I think this is the right answer. I do also think though, that people developing ad-hoc solutions to providing different configuration depending on the environment (test, dev, prod) is undesirable.

Let’s take Repo as an example. I am not talking here about having different host names and credentials - that is trival to solve in the environment variables. But rather differences that would belong in code such as using a sandbox pool in test, using longer timeouts in production, different pool sizes etc. Just looking at my current project and its various environments, I could easily end up with a few tens of lines of configuration code in my Repo module, which would tend to discourage it being used for anything else - so it just becomes another configuration file.

I have to have some structured method to handle these compile-time environment differences. Maybe all that needs is a config macro and best practices disseminated through the generators, but we have to have some real alternative - we can’t just say “put it in code”. Well, actually we can say that and people will get on with it but their solutions will be very divergent.

1 Like

I think that this cuts to one of the root causes why config scripts are used so much.

So to be clear, my opinion is that config scripts are way overused, and contain a lot of stuff that doesn’t belong there. I consider them a pile of bloat arbitrarily thrown together, and I think that they often make the code more difficult to understand.

IMO, there are a couple of reasons why so much data ends up in config scripts:

  1. Some of our flagship libraries (Phoenix and Ecto) promote it.
  2. Some libraries require it.
  3. There’s no obvious or convenient way to specify variations between different mix envs.

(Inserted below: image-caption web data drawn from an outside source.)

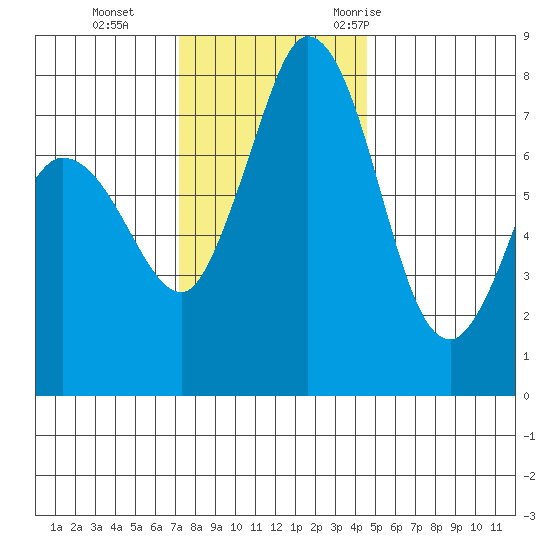 Swinomish Channel tide chart for Tuesday, November 12, 2024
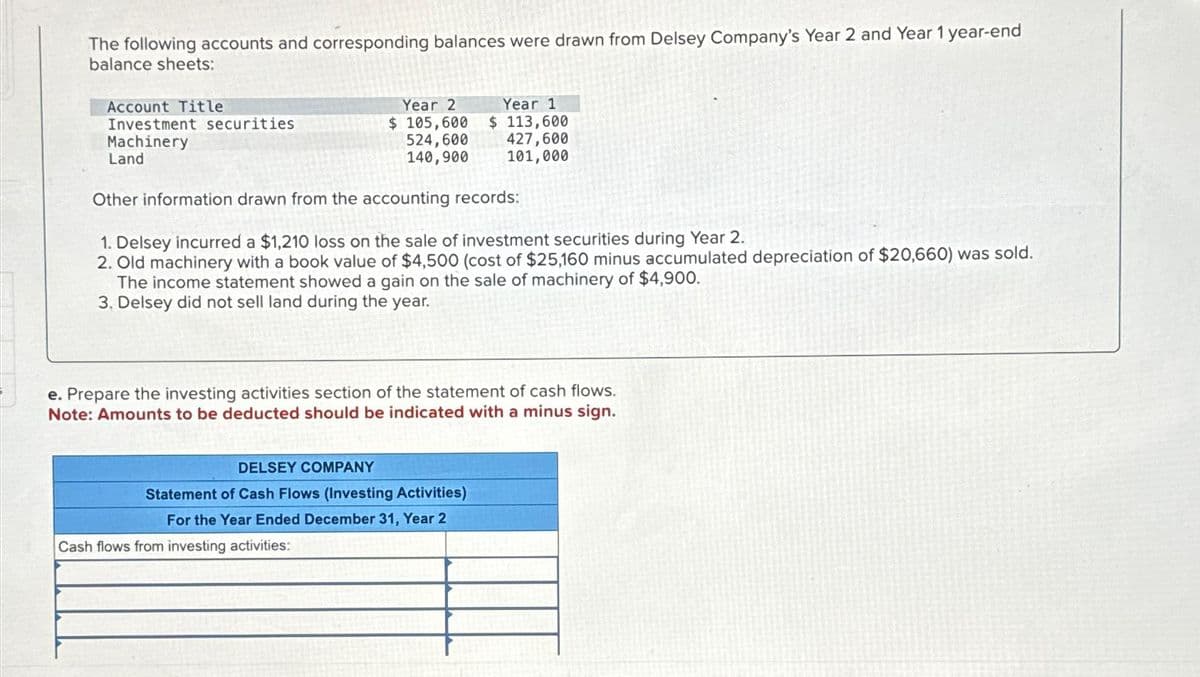 The following accounts and corresponding balances were drawn from Delsey Company's Year 2 and Year 1 year-end
balance sheets:
Account Title
Year 2
Investment securities
Machinery
$ 105,600
Land
524,600
140,900
Year 1
$ 113,600
427,600
101,000
Other information drawn from the accounting records:
1. Delsey incurred a $1,210 loss on the sale of investment securities during Year 2.
2. Old machinery with a book value of $4,500 (cost of $25,160 minus accumulated depreciation of $20,660) was sold.
The income statement showed a gain on the sale of machinery of $4,900.
3. Delsey did not sell land during the year.
e. Prepare the investing activities section of the statement of cash flows.
Note: Amounts to be deducted should be indicated with a minus sign.
DELSEY COMPANY
Statement of Cash Flows (Investing Activities)
For the Year Ended December 31, Year 2
Cash flows from investing activities:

To be completely honest, at my company we also overuse config scripts, precisely for the reasons stated above. So for example, even though we’re aware of if Mix.env() and how/when we can use it, if a constant varies between different envs, we usually just stuff it to config script.

I further believe that this convenience subtly creates a tendency to put even more data into config scripts. So for example, my colleague recently argued that some MFAs belong to config scripts, because they “feel” like config, even though MFA is clearly code, not config. This was for me the direct motivation to write that lengthy post about config scripts, and to actively start questioning them.

To be clear, I used them myself a lot, even though I was never quite comfortable with them, which is why I’m increasingly starting to feel that they are misleading people and causing problems much more then they actually help because:

  1. Config scripts are not runtime friendly, and cause confusion when used with OTP releases.
  2. Parameters are not consolidate anymore. For example, endpoint parameters are now specified in at least four config files.
  3. A bunch of unrelated data is thrown together.

Therefore, I feel that instead of adding the additional complex machinery to address the issue number 1 (which is just one issue of config scripts), it would be much better if runtime configuration through regular code was promoted and assisted.

In particular, I’d like to see:

  1. Official helper macros to simplify expressing small variations between mix envs in regular code. Perhaps something along the lines of this macro, or something different/better.
  2. mix phx.new, Ecto/Phoenix docs, Elixir docs, and official getting started guides favouring runtime configuration over config scripts.

This will not solve all the problems, but I believe it will solve most of them, and that it will guide the community to write their code and libraries in a better way.

Now, some members from Elixir and Phoenix core team have mentioned that many people were further confused when init/2 callbacks were introduced. Personally, I don’t at all buy that this means that runtime config is confusing. The thing is that prior to init/2 a typical Elixir project had at least four files where parameters were specified (config, dev, test, and prod.exs). And then the fifth one was added. No wonder that people found this even more confusing.

But until we guide people to provide their parameters as much as possible in the regular code, it’s unfair to say that runtime config is confusing.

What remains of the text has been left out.